The communication environment of the worldwide banking network and its interactions raises many ethical questions that were not frequently posed before the present world financial crisis. Suddenly, the world has discovered that bank interactions without special rules devoted to stricter standards of behavior and regulation might significantly contribute to a dangerous financial environment.

Many times considered a guide to social interaction, ethical principles have been revealed to be far more than just abstract ideas. The present financial crisis has demonstrated that the observance of ethical principles creates a framework where interaction with others can take place in an equitable, honest and productive manner.

We know that business values, in general, tend to be driven by amoral behaviors, in great part due to competition, efficiency or simply profit, not to mention greed. For many years previous to the 2008 crisis, the world simply accepted unethical and even immoral behaviors because they led the world to believe in a false wealth, a lie which led many individuals to “lose” a significant part of their personal wealth. A short list of justifications commonly accepted by a corrupt corporate environment includes:

  • I had no choice” ….i.e. denying responsibility;

  • “No one is hurt” …..i.e. denying injury;

  • “Blaming violated parties”…i.e. denying victims;

  • “They are worse than we are”…i.e. social weighting;

  • “It was for a good cause”…i.e. appeal to higher loyalties;

  • “I have the right to be unethical because of poverty (or wealth)”…i.e. self justification.

For many years, codes of ethics were considered binding and were respected by the private sector. In fact, the Internet environment has contributed to new and different ways to recruit, mislead and coerce the public, in addition to more traditional methods. Only after the actual crisis did information technology become a prime concern for researchers seeking a connection between Internet technology and unethical behavior, which in a larger context, is deviant behavior in that it is not socially acceptable to steal to take what is not one’s own. Without a doubt, behaviors by investment banks and the stock market contributed overwhelmingly to the impoverishment of millions and hardship to countless others.

  • Computer crimes:

  • Computer crime has become an instrument for unethical actions and frauds because of unauthorized access to a data, theft, defamation, intimidation, bullying, etc.;

  • Computer technology has become a tool used to violate the law and deny the rights to information access and privacy, leading to anti-social practices like cyber bullying, sexual solicitation, information piracy, etc.

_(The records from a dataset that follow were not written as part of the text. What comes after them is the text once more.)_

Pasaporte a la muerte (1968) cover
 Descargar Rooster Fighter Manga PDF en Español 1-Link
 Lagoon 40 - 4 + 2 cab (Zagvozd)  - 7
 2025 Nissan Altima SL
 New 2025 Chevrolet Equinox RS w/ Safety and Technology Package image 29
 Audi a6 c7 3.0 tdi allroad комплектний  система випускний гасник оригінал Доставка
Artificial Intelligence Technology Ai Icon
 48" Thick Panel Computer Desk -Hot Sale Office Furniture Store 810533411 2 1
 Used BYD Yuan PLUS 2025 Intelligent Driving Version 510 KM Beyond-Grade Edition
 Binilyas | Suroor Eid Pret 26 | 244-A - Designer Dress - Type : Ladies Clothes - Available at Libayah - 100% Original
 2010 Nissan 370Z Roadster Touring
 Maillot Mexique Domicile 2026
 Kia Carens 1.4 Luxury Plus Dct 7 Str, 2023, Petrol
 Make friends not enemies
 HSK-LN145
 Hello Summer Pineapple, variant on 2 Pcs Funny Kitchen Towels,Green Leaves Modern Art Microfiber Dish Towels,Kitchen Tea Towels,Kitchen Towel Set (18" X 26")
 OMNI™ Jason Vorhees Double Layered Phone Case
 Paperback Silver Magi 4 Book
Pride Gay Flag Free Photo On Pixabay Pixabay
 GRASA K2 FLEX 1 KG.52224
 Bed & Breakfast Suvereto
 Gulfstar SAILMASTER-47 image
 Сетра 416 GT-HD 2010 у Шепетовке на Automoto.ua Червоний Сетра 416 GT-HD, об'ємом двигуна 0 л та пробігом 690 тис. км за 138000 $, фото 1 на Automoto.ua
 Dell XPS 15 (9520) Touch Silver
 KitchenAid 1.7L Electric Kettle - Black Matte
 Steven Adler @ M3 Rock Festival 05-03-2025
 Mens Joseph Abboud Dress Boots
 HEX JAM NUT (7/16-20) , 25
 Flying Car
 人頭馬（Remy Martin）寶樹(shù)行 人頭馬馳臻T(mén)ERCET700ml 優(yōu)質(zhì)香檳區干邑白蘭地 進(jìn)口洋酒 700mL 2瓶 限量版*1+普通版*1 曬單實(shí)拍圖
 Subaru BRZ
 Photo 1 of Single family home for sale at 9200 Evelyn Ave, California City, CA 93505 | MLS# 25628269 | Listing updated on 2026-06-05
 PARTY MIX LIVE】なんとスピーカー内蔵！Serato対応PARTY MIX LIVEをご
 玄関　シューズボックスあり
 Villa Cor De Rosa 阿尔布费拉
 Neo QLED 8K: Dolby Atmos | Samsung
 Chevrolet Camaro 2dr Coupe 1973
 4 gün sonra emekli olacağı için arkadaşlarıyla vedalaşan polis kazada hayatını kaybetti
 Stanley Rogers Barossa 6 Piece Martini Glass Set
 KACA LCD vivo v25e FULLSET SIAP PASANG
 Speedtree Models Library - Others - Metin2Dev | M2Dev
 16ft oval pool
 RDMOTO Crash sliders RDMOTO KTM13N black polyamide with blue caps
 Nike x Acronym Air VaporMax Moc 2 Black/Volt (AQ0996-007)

  • The interconnectedness of the Web has increased the incidence of electronic fraud, including credit and debit card theft, identity theft and the unauthorized transfer of funds, as well as legal practices such as automatic buying and selling in the stock market.

  • The Internet has contributed to a growing number of security problems related to e-mails, the theft of personal or financial information and the loss or manipulation of records.

  • The Internet has also expanded the scope of crimes involving obscenity/pornography, child solicitation for sex, violence against minorities, terrorism, etc.

  • Computer risks:

  • Aircraft control might be affected by hackers;

  • Nuclear power plant control can be compromised by insecure computer network environments;

  • Military computer networks have insecure spaces that compromise national security as hackers might steal user names and passwords, which can lead to the leaking of confidential or proprietary information;

  • The privacy and security of E-commerce can be compromise by unauthorized persons.